Construction of a mall in California (Mel Surdin/Dreamstime)
The state of California will issue new rules limiting the embodied carbon allowed in commercial buildings larger than 100,000-sq-ft in area and school projects over 50,000-sq-ft.

Embodied carbon means the greenhouse gasses emitted by building materials over their entire lifespan, from manufacturing and transport to installation and disposal.

The 11 commissioners of the California Building Standards Commission voted unanimously in favour of the rule change, to be contained in an intervening code supplement to the 2022 California Building Standards Code.

The commission has not said what the limits are to be.
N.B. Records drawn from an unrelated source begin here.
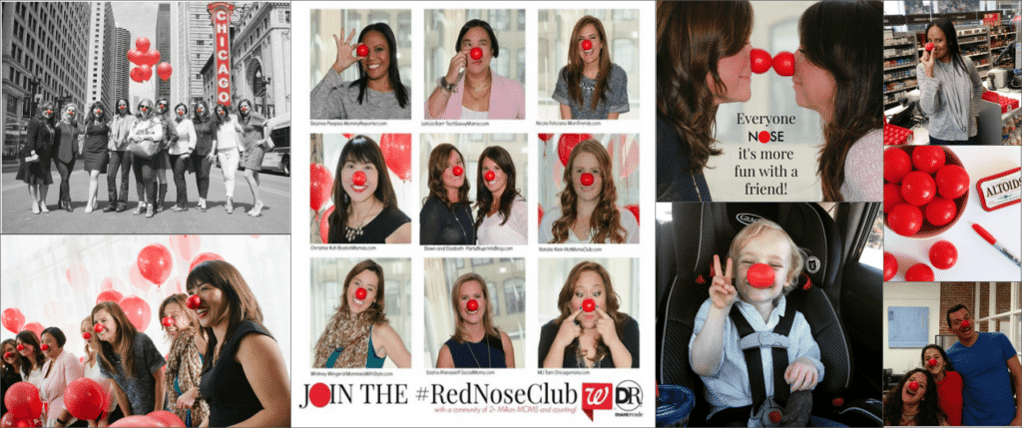cause marketing influencer campaign for Walgreens, #RedNose Day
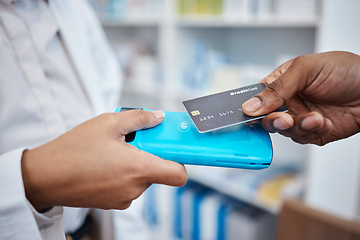 Image showing Credit card, hands and payment tap machine for retail, healthcare and people in pharmacy drug store. Money, technology and shopping for prescription medicine, health insurance and customer buying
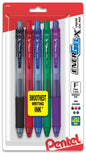 EnerGel-X Retractable Liquid Gel Pen, (0.5mm) Needle Tip, Fine Line, Assorted Ink (A/B/C/D/V) 5-Pk (BLN105BP5M)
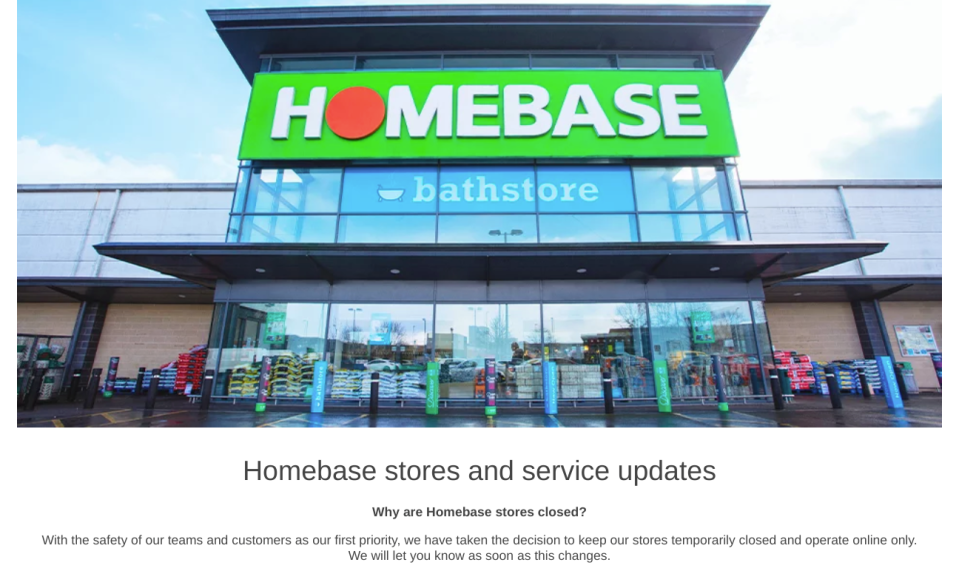  Homebase has now reopened all its UK stores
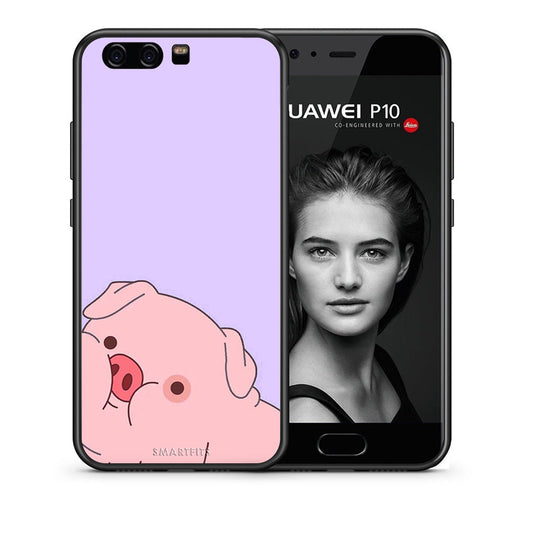 Θήκη Αγίου Βαλεντίνου Huawei P10 Lite Pig Love 2 από τη Smartfits με σχέδιο στο πίσω μέρος και μαύρο περίβλημα | Huawei P10 Lite Pig Love 2 case with colorful back and black bezels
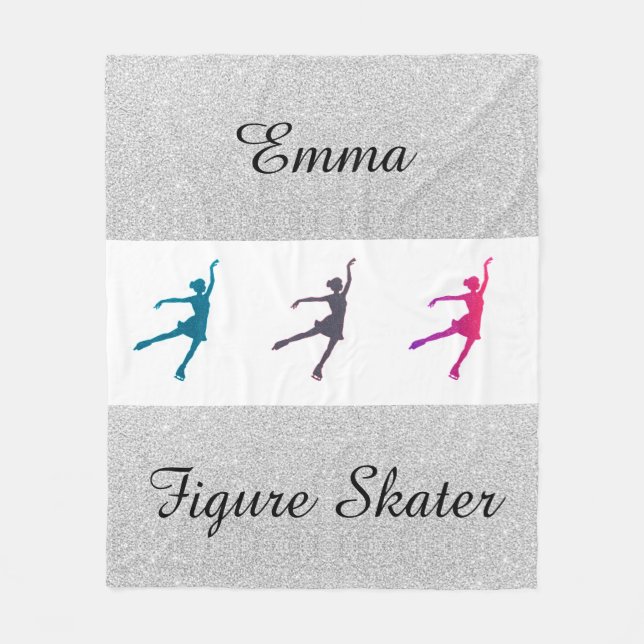 Girls Figure Skater Silver Sparkle Fleece Blanket (Front)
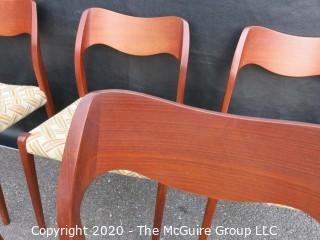 Set of (6) Danish No. 71 Chairs by Niels Otto Moller for J. L. Molle;  Mid Century Modern (MCM) 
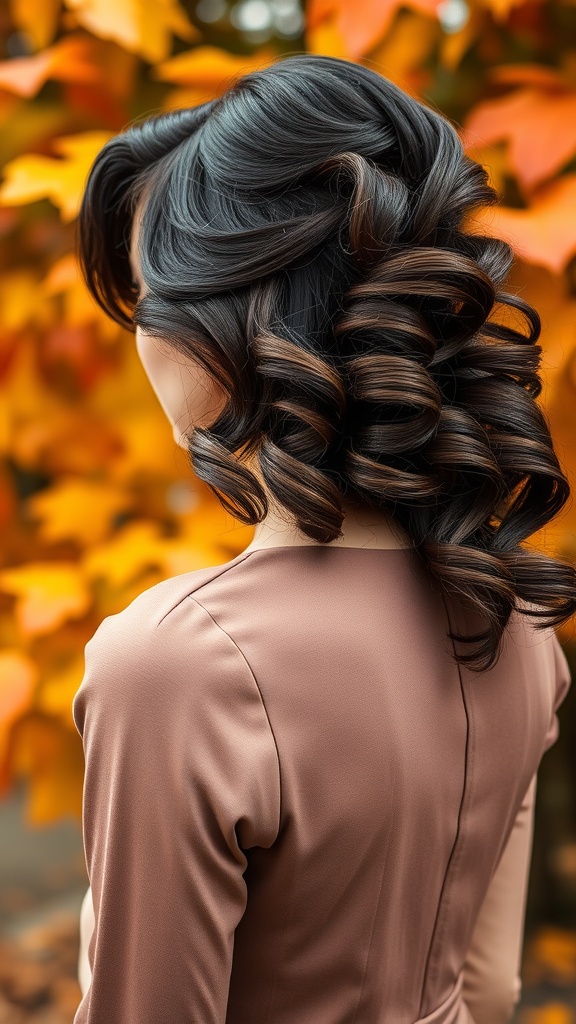 A person with side-swept curls, showcasing dark hair with rich highlights against a backdrop of autumn leaves.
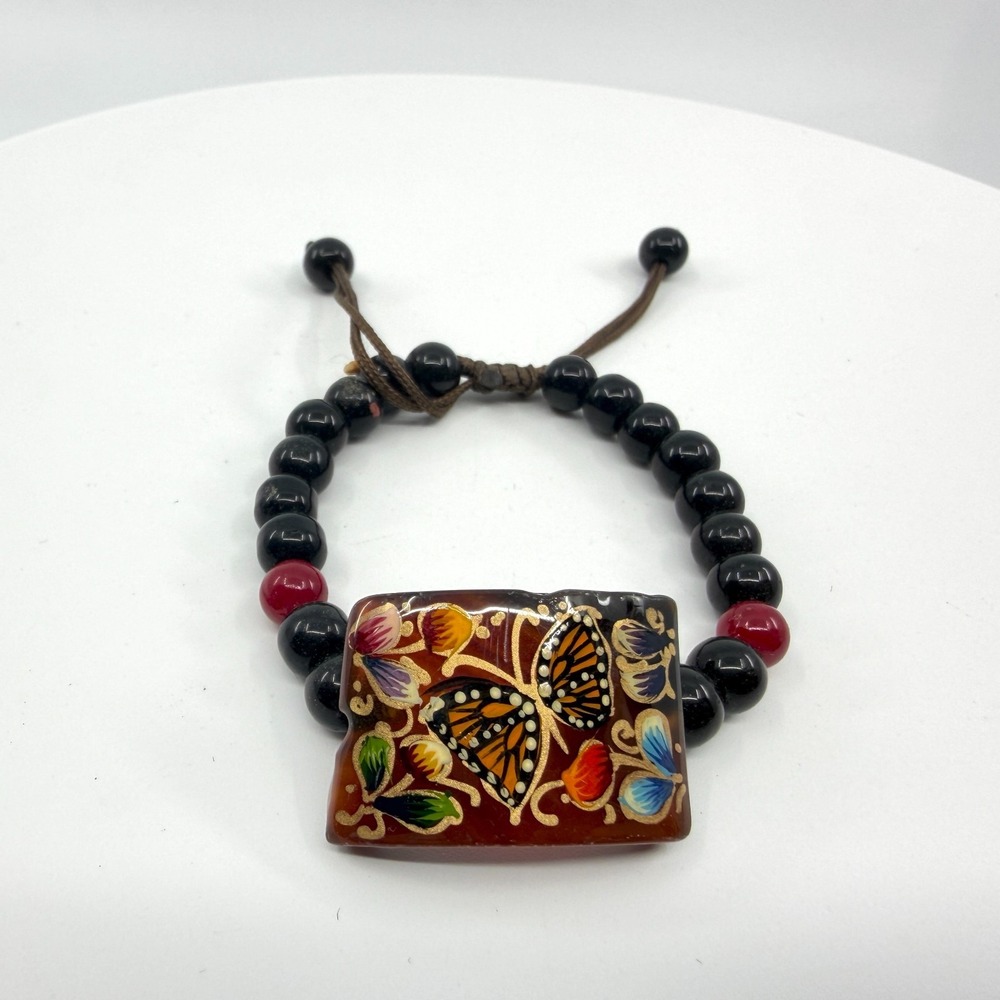 Hand Painted Butterfly Bracelet Black Red Beaded Adjustable Boho Artisan Gift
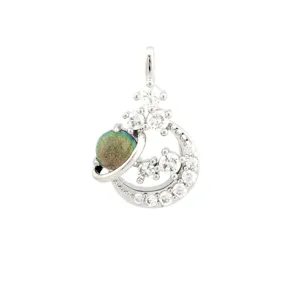 Detailed close-up view of the celestial planet and crescent moon pendant with clear stones.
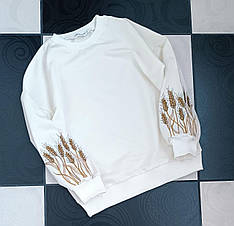Дитячий світшот, кофта біла з колосками вишитими рукавами розміри 128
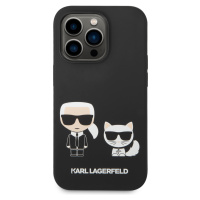 Silikonové pouzdro Karl Lagerfeld and Choupette Liquid Silicone pro Apple iPhone 14 Pro, černá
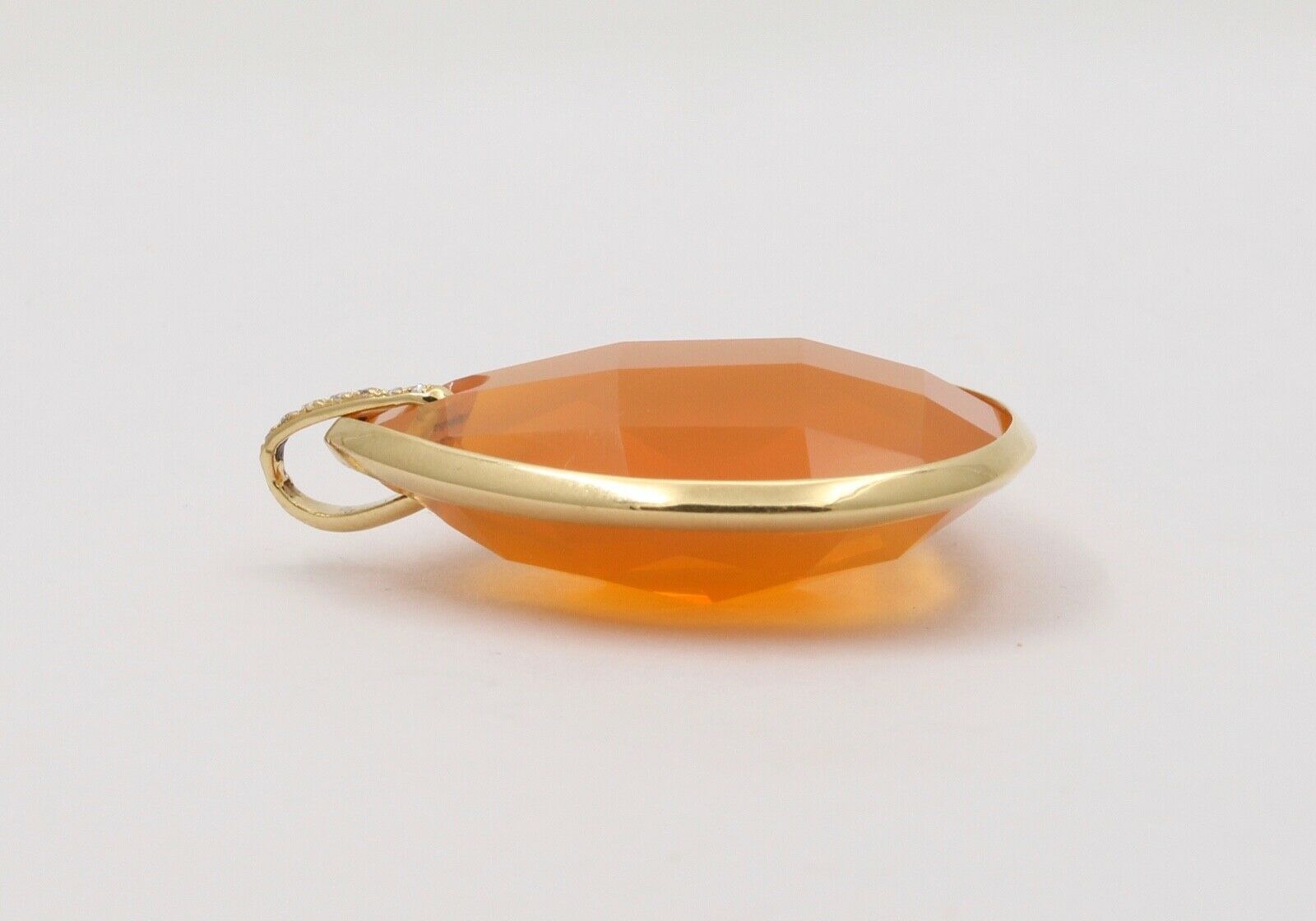 Large Checkerboard Cut Approx 50 Carats Fire Opal Diamond Pendant, Necklace.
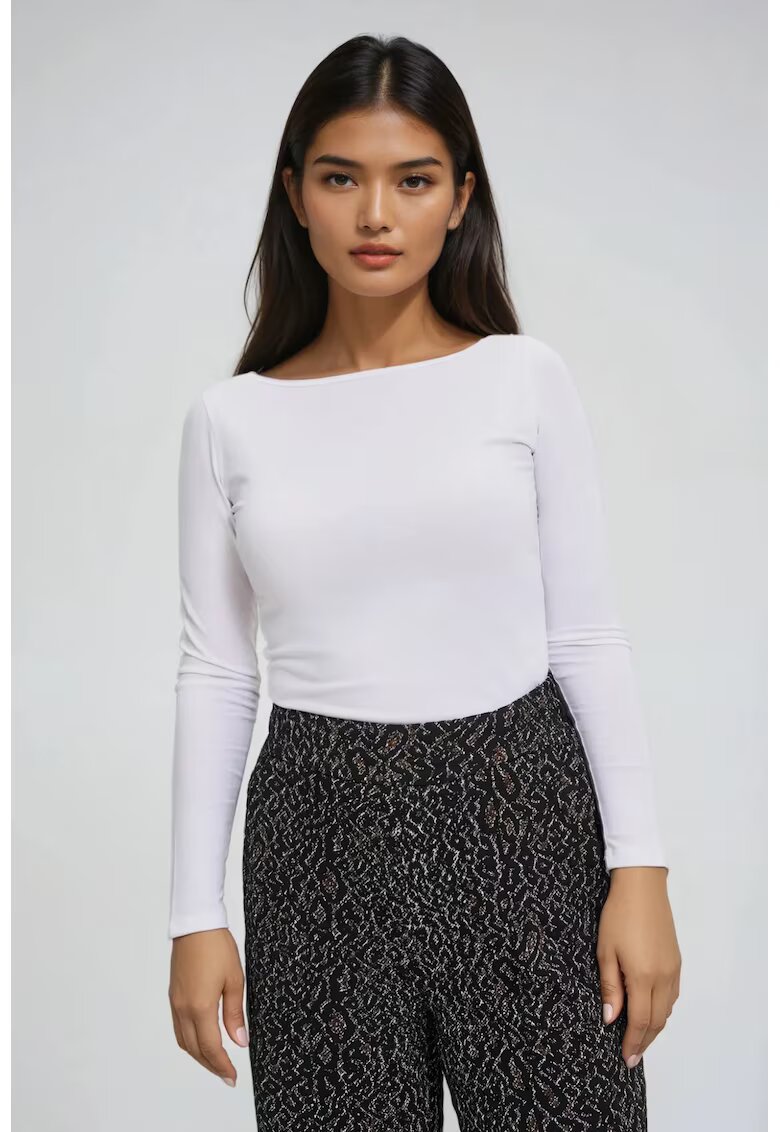 MOODO Bluza alba cu maneci lungi ajustata - Alb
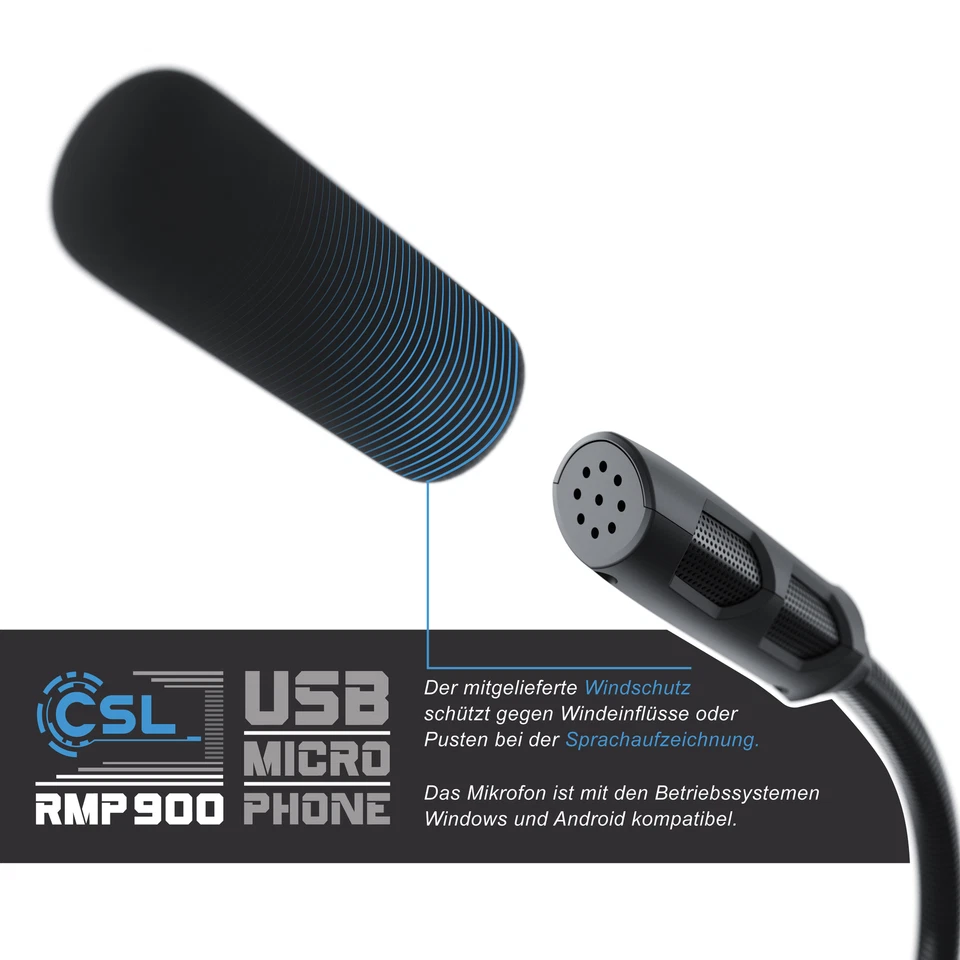 CSL USB Desktop Mikrofon RGB Tischmikrofon Gaming Podcast Windows Android - Bild 4 von 4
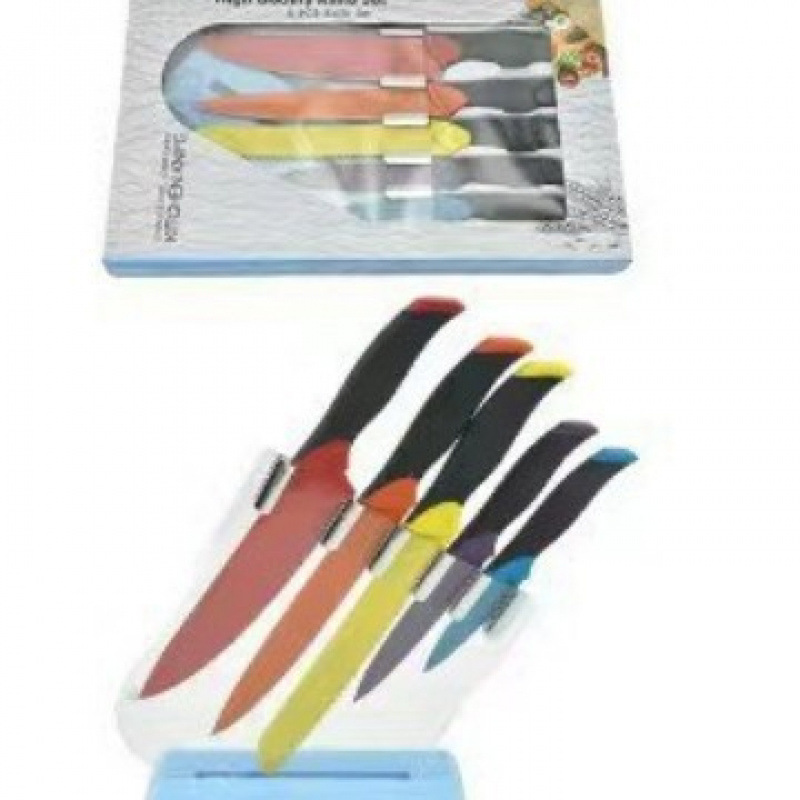 Fábrica al por mayor de inyección secundaria de acero inoxidable color seis piezas conjunto de herramientas con melón planador conjunto de caja de regalo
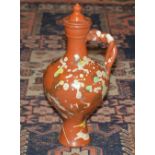 Pottery Channakale jug Turkish, of baluster form with painted decoration, 34cm high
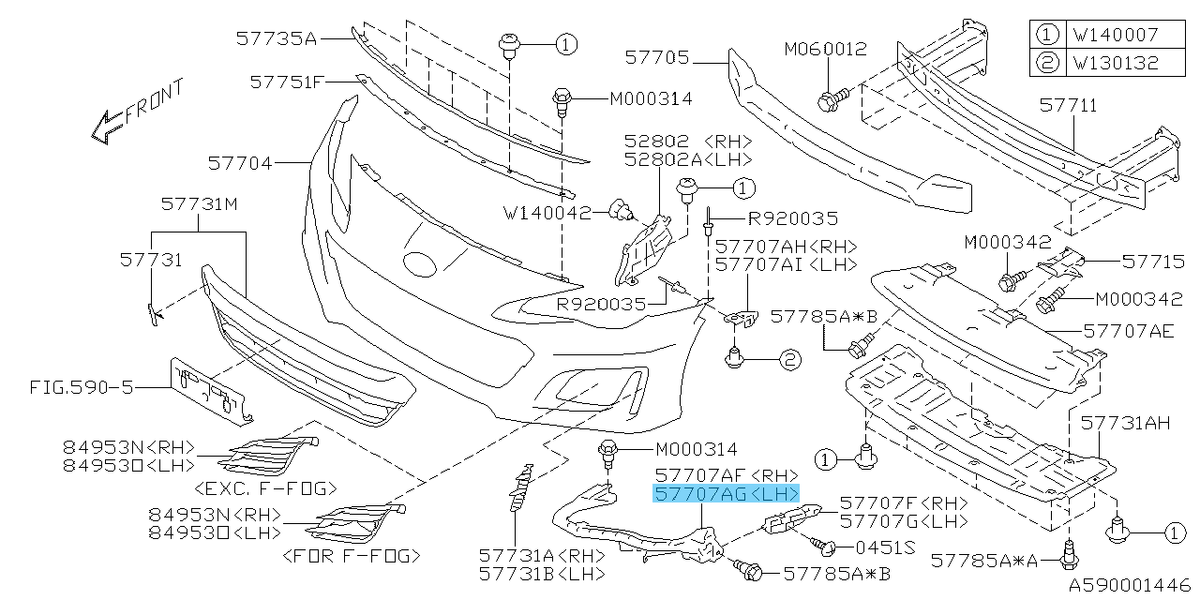 SUBARU BRZ ZC6 2013-2016 Genuine Front Bumper Corner Bracket Left 57707CA012 OEM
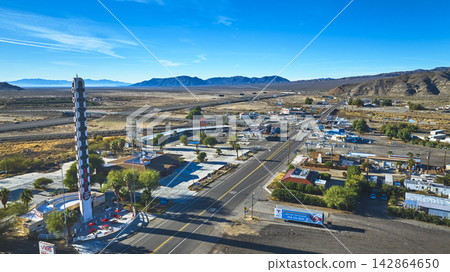 Aerial World's Tallest Thermometer Baker California Desert Highway Townscape 142864650
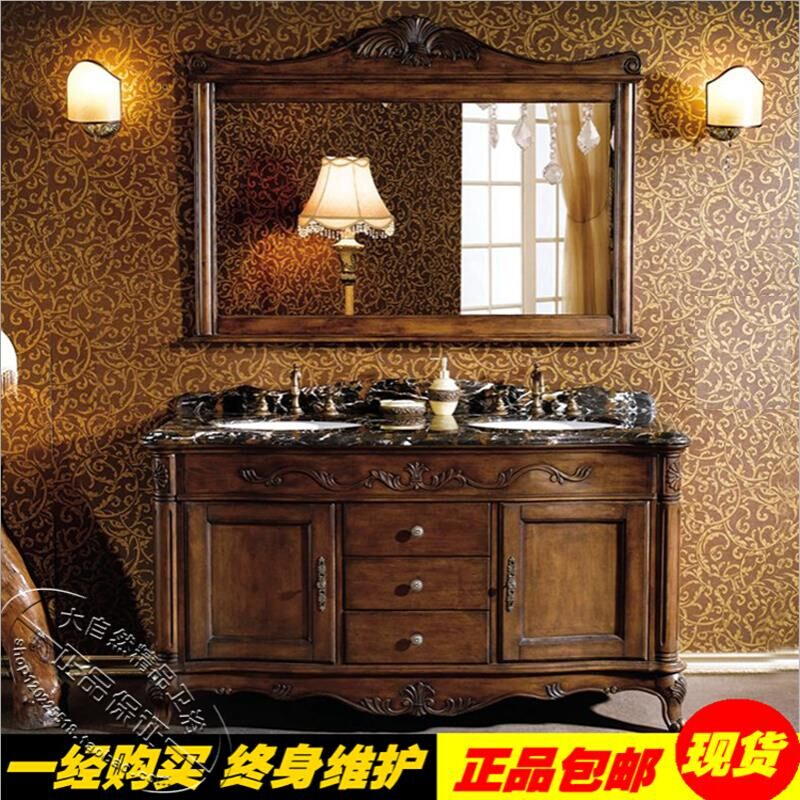 美式浴室柜橡木欧式洗漱台落地卫浴柜仿古卫生间实木洗手盆柜组合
It said it would publish them by 1 January 2024 and they will take effect across the state on 1 July 2024.

The American Institute of Architects was among the bodies consulted for the proposed changes.

Its president Scott Gaudineer welcomed the decision, saying: “It can take up to 80 years to overcome embodied carbon’s impact through strategies that reduce energy usage or operational carbon; the planet doesn’t have that time.

“Today’s actions… codify a cultural shift: to meet decarbonisation timelines set by California law, embodied carbon must be reduced in addition to operational carbon.”

In September 2022, AB 2446 was signed into law in California, stipulating that non-residential buildings over 10,000-sq-ft and residential developments with over five units would be subject to building material assessments.